Even if you believe that the reports he cites are just another instance of "lies, damned lies and statistics," how do you respond to the information that the folks you work with consider themselves smarter than the average bear? What if they compound their enviable omniscience with a claim to being more infallible than everyone else -- including you? If this is how humans behave time and time again, then you'd be crazy to take at face value internal surveys in which the users of your knowledge management system self-report on their abilities and expectations. After all, it appears that either we don't know ourselves very well or we're not willing to let anyone else know that there may be some foundation to our insecurities. In light of these human tendencies, a knowledge manager would be wise to seek more objective confirmation of the self-reporting. For example, reviewing search queries can tell you a lot about what people are looking for and how good they are at searching. Reviewing help desk requests lets you know when and where users find themselves in trouble.
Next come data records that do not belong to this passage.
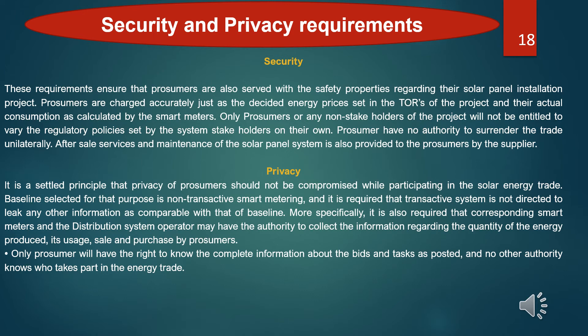The next thing to take into account is security and privacy. These requirements ensure that consumers are served with safety properties regarding their solar panel installation project. Privacy principles ensure that consumers should not be compromised while participating in solar energy trades. The baseline selected for that purpose is non-translative smart metering. It is required that the system does not leak any other information beyond the baseline. Specifically, corresponding smart meters and the distribution system operator may have the authority to collect information regarding the quantity of energy produced, its uses, sale, and purchase by consumers. Only consumers will have the right to know the complete information about their energy transactions, and no other authority will know who takes part in the energy trade.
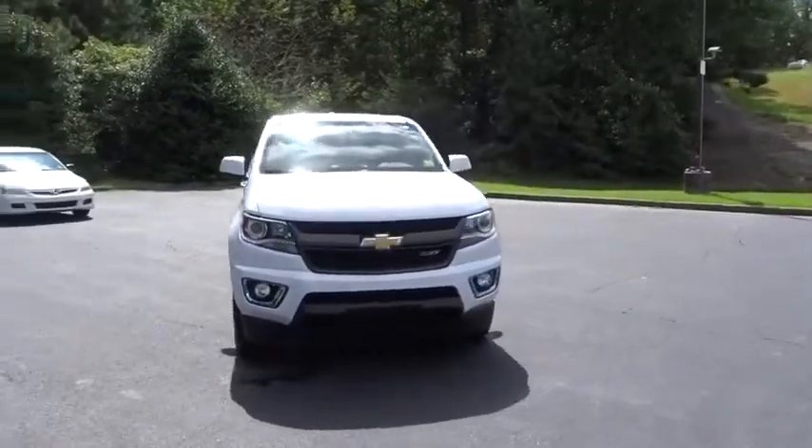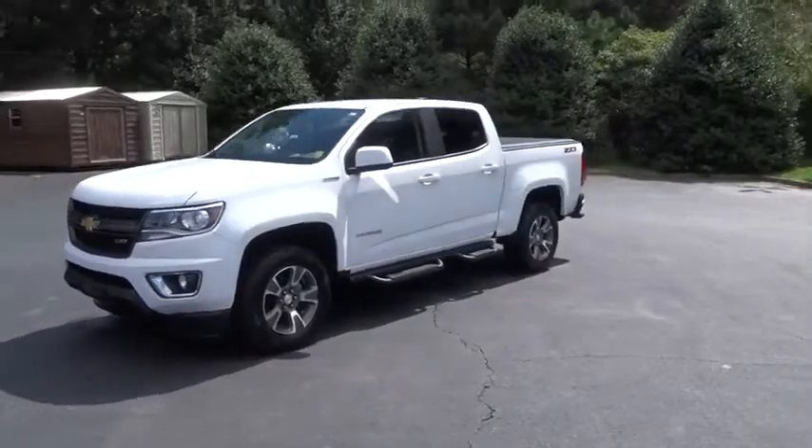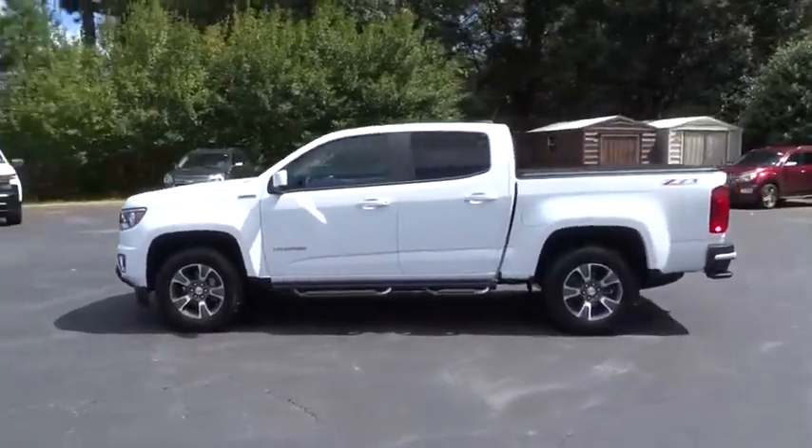Stop by and take a look at the 2017 Chevrolet Colorado. Great hauling capability, powerful, rugged, and a great Chevy price — Colorado is it.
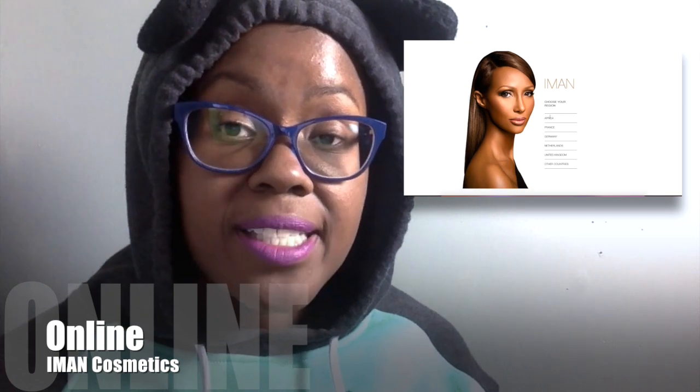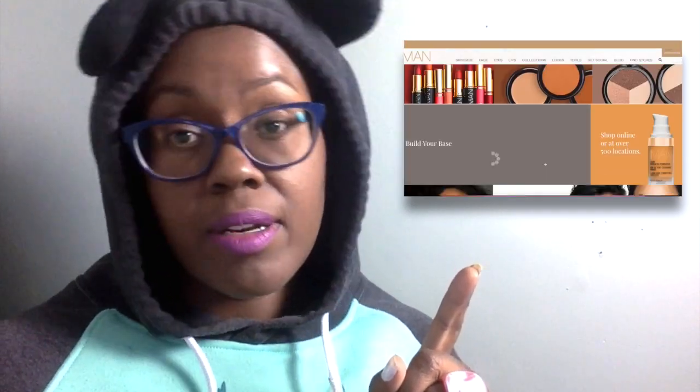The final place I go to buy Black makeup is online. For example, in my area of Canada they don't sell Iman anymore, so I have to go online to order Iman products.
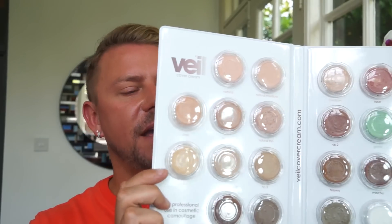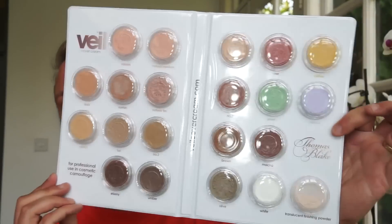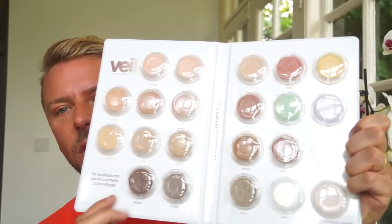MAC will cover a tattoo but it really needs to be built up and layered. So I decided to get some products and I got them in this binder so I could carry it around with me. There's a multitude of shades and this is by a company called Veil Cover Cream. You've got a myriad of different colour correctors and skin tone shades.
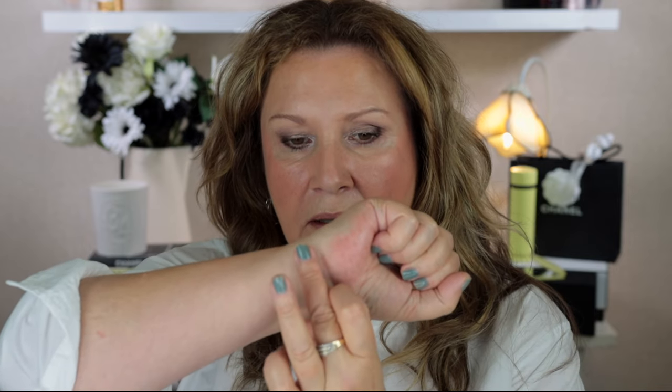Now I'm going to do a swatch of this on my arm and we'll do some comparison swatches. We'll start off with the Tom Ford blush — I'll just go over it one more time. You can definitely see the pigment there. The formula is creamy but it feels silky smooth when you put it on.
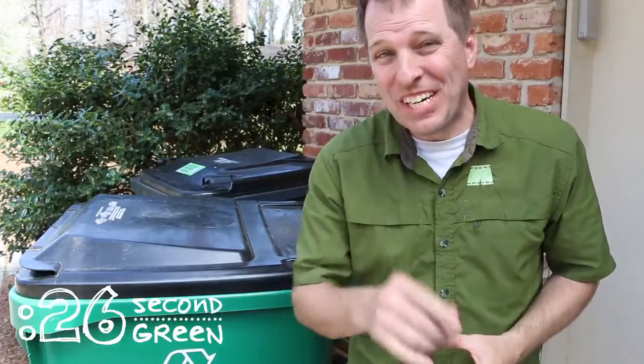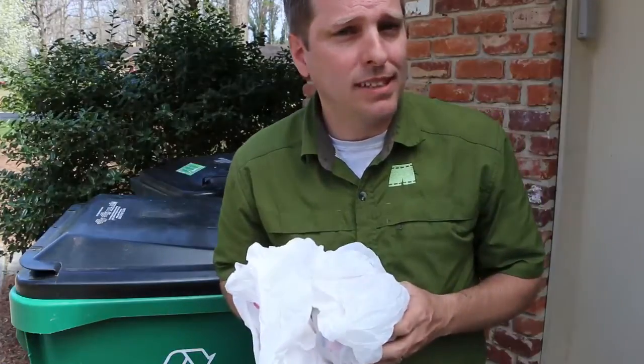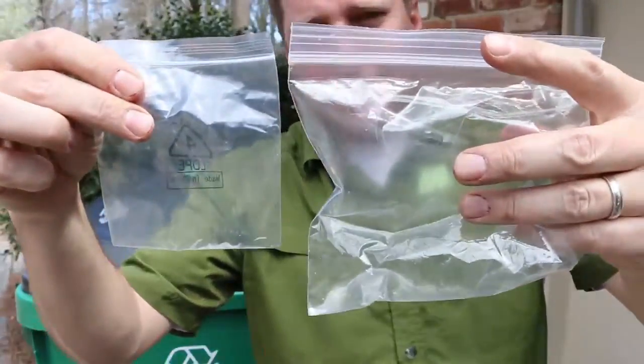Want to recycle more? Here's an item you can add to your recycling repertoire: plastic film. You've probably seen that your grocery store has bins out front that allow you to recycle shopping bags. But there are a lot more types of plastic film that you can put in with your bags.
Similarly, usage metrics can tell you whether lawyers actually are trying to use your KM system and which content items seem to be used the most.
These human tendencies of self-delusion can also have an impact on how we plan new knowledge management tools. For example, if we take at face value what we're told about the lawyers in our firm being smarter than the average lawyer, then we might make the mistake of creating a system that requires a user with greater technical facility (or tolerance) than the average user. And, given that those lawyers (like most customers) think they are "righter than average," any advice you get from them regarding how a KM system should operate would need to be cross-checked before using that guidance in your planning and implementation. Finally, given what we are learning about the unreliability of self-reporting, we'd be wise not to fall into the trap of getting so caught up in planning the perfect knowledge management system in terms of user functionality that we forget to bake into that proposed system objective means of monitoring the actual (as opposed to reported) use and usefulness of the system.
But as I write this, I can hear each of you saying to yourselves, "Of course, all of her comments apply to her firm and not mine -- since the smartest lawyers in the world really do work at my firm!"